Orlando Region: Education
In explaining the dynamics behind perhaps the region’s most notable trend in education, Valencia College President Sandy Shugart offers a history lesson. With the Orlando region’s growth occurring relatively late on a national map, the region missed the “institutional building boom.”
So, while other areas of the country the same size as the Orlando area might have 20 or 30 colleges/universities to serve a population of roughly 2.3 million, Valencia joins only the University of Central Florida (UCF) and Seminole State College as local public institutions, along with private Rollins College.
There are several other integral places of higher learning, of course, each playing an important role — in all, more than 35 colleges, universities, technical schools and private institutions. UCF, Valencia, Seminole and Rollins clearly lead the way.
Shugart sees the scenario as both a challenge and an opportunity. His words: “Just a few of us can make a whole lot happen.”
Shugart isn’t necessarily pounding his chest. Instead, he’s making a point, noting he recently hosted a dinner gathering of six: the presidents of UCF and Seminole State, the superintendents of the three county public-school districts and himself. “If you tried to get together a similar meeting in Richmond, Charlotte, Austin or someplace like that, you’d have to get 50 people in a room. And then they wouldn’t actually be very engaged. Here, we can take it personally at the top and work things out,” Shugart states.

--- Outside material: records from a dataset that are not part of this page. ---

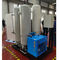 Acier inoxydable de contrôle automatique blanc d'équipement de générateur de l'oxygène d'azote d'O2 de PSA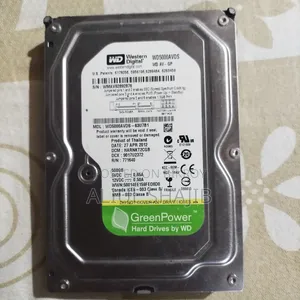 500 Gb Hard Disk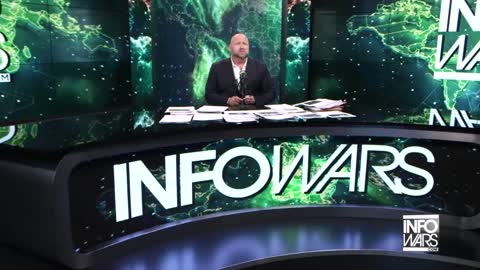 Alex Jones Predicts Black Lives Matter Summer 2020 Riots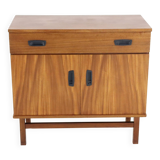 vintage teak cabinet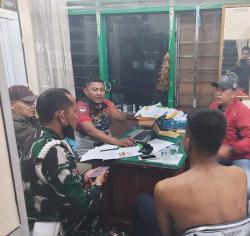 Niat Cari Pacar, Pemuda Ini Nekat Jadi Tentara Gadungan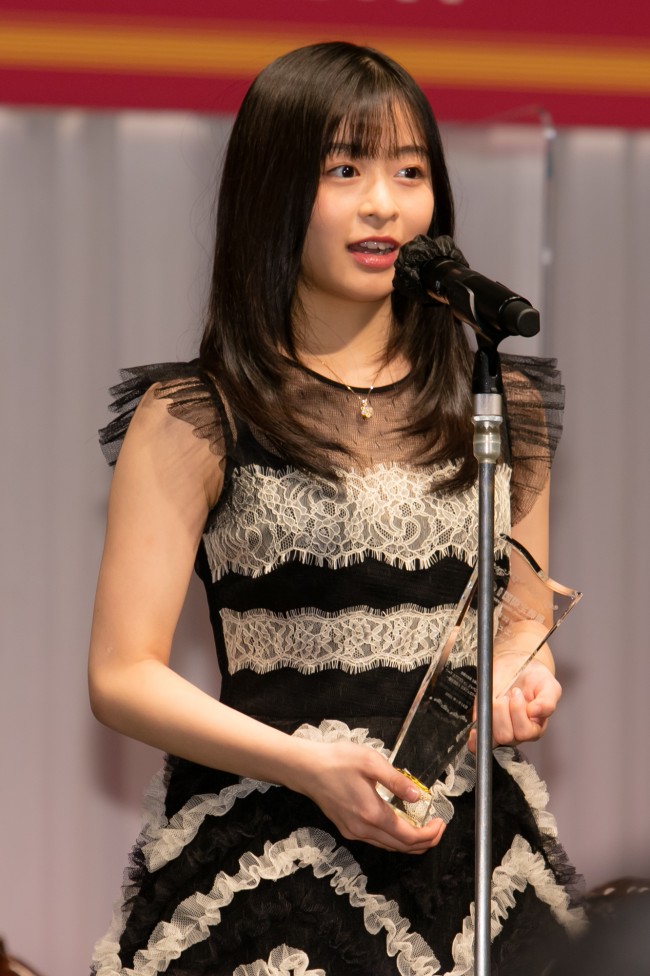 第32回 日本ジュエリーベストドレッサー賞」表彰式　20210114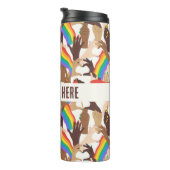 Termo PRIDE Thermosbeker (Geroteerd rechts)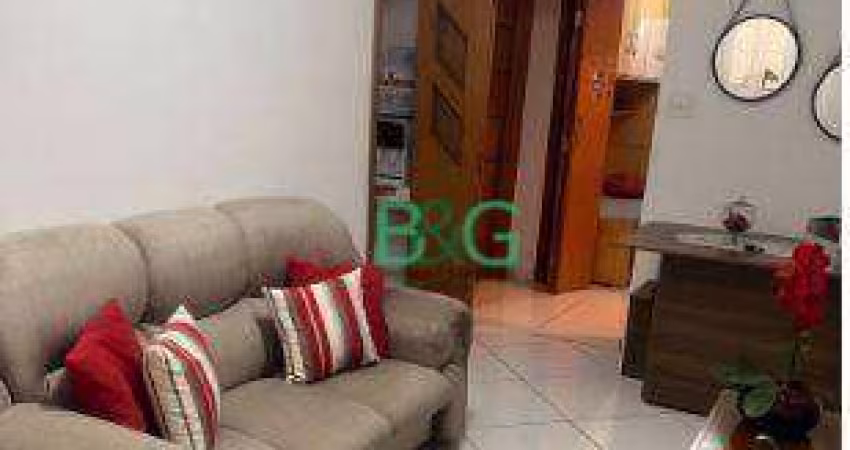 Apartamento com 2 dormitórios à venda, 123 m² por R$ 589.000,00 - Santana - São Paulo/SP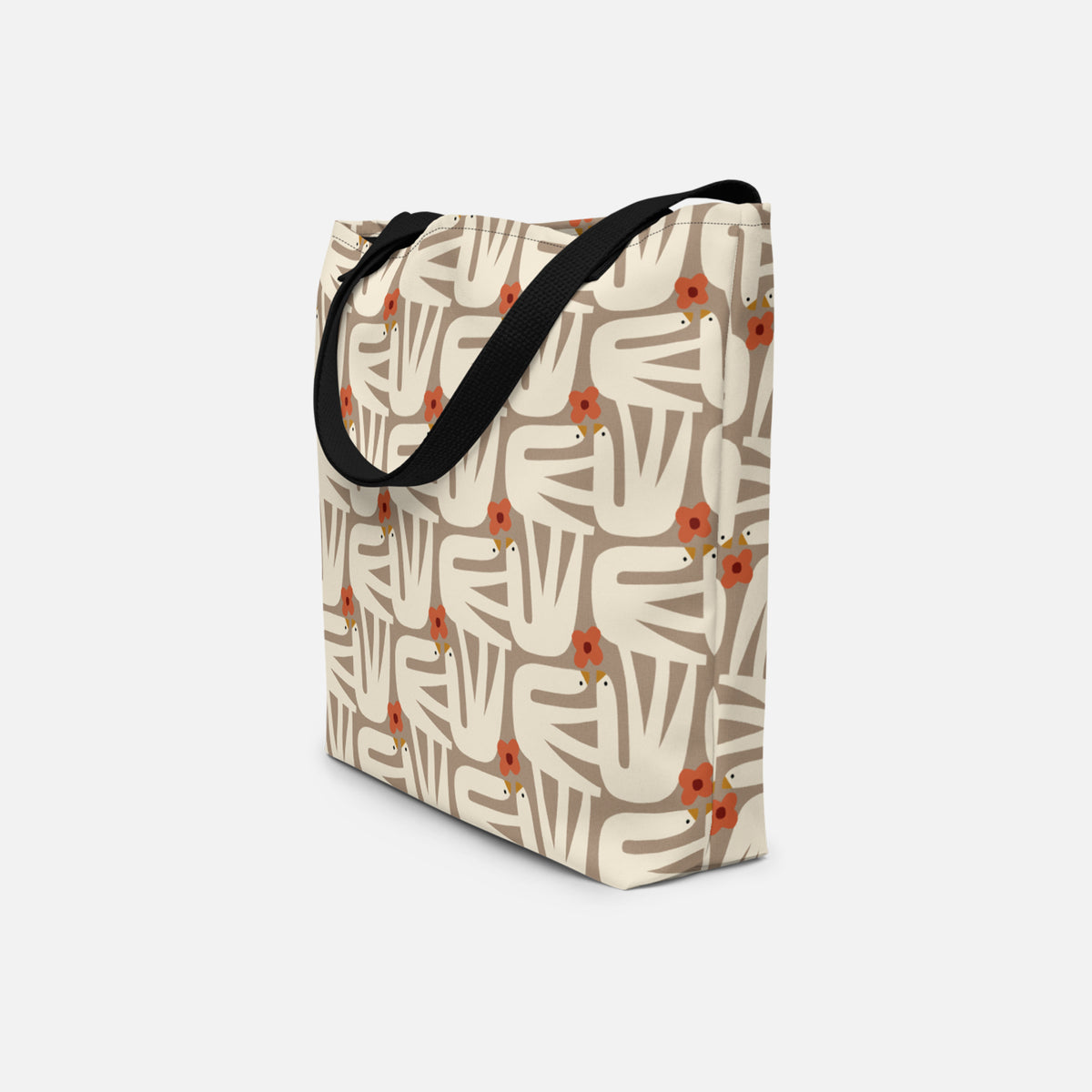 Bolsa Grande SKOG TEAL · Svan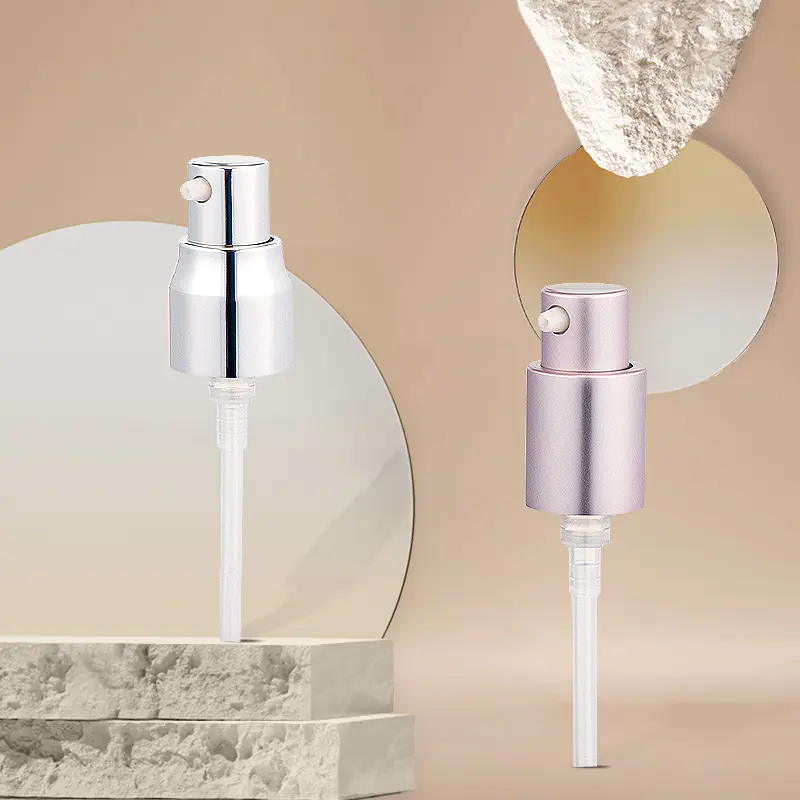 Was sind die Hauptkomponenten einer elektrochemischen Aluminium-Emulsionspumpe?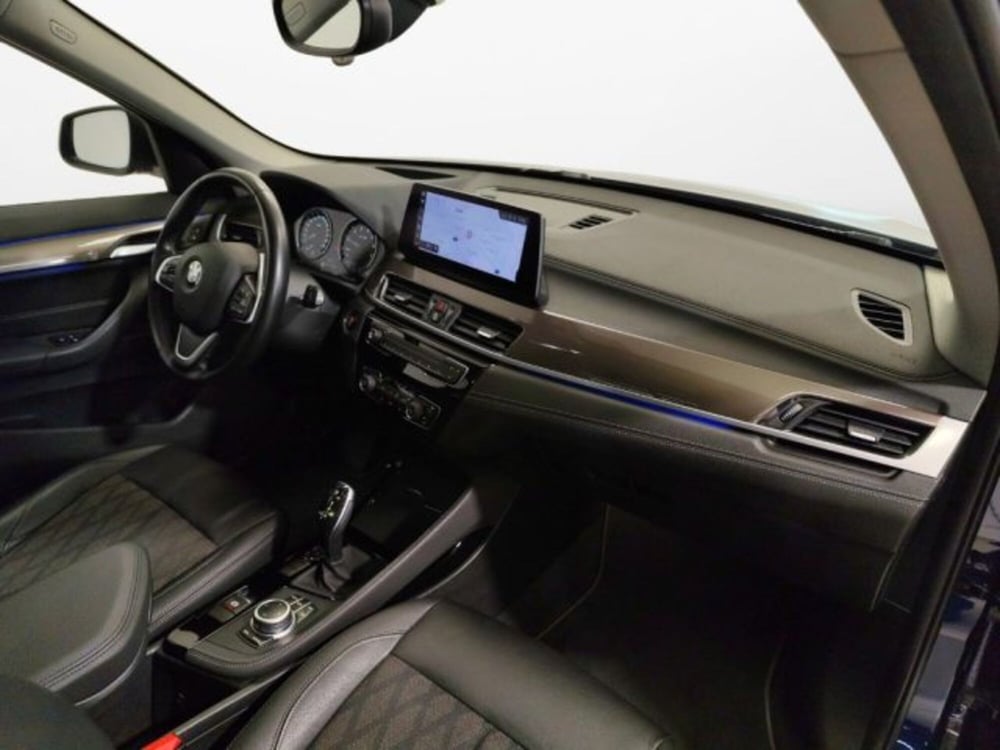 BMW X1 usata a Modena (10)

For the record, Valencia has more than 62,000 credit-seeking students at six campuses and produces the most Associate of Arts graduates in the United States. UCF is the nation’s second largest university by student population (68,000-plus) and has a new president, Dale Whittaker. Whittaker, who had served as UCF’s provost and executive vice president, took over last July, following the hugely successful 26-year tenure of John Hitt.
Seminole State also welcomed a new president, Georgia Lorenz, in 2018. Most recently, Lorenz had served as vice president of academic affairs at Santa Monica College in California. She succeeds Ann McGee, who had successfully presided for 22 years. Seminole State has approximately 30,000 students at six regional sites.
Rollins, with an increasingly diverse enrollment of nearly 3,500 students from more than 40 states and 30 nations, provides important private liberal-arts education. Its Crummer Graduate School typically is recognized as being among the best MBA programs in the nation.
More impressive is the collective strength across the region, with the overriding sentiment being “What can we do together?” Since its introduction in 2006, one example has been DirectConnect, a program that guarantees admission to UCF for associate degree graduates of Valencia College, Seminole State College and others.
More generally, it’s an approach that led newcomer Lorenz to praise the region’s “stronger sense of place.”
The same synergistic approach is evident in partnerships with industry on curricula development to create accelerated programs for job training.
According to Shugart, one of the region’s most pressing challenges centers on ensuring sustainable, full-time work with benefits for families on the low end of the economic scale. At the same time, employers have shortages of skilled people. That convergence has prompted certification programs, particularly for industries such as construction, where jobs have been unbundled into specialties for fast learning (in weeks).
“We think we can create real economic mobility for people on the bottom of the wage scale with very intensive, demanding, short-term training that leads to needed employment with benefits and a chance to grow,” Shugart explains.
K-12 school districts in the region — Orange County Public Schools, Osceola County School District and Seminole County Public Schools — are high-performing and award-winning with numerous accolades received, including the Broad Prize for Urban Education. They are routinely named to lists like “Most Connected,” “Best High School” and “Top of the Class.” Each district has innovative magnet programs as well as a focus on Advanced Placement and dual enrollment, STEM and robotics (as early as kindergarten), unique arts schools and personalized learning approaches. A strong private school system is also available.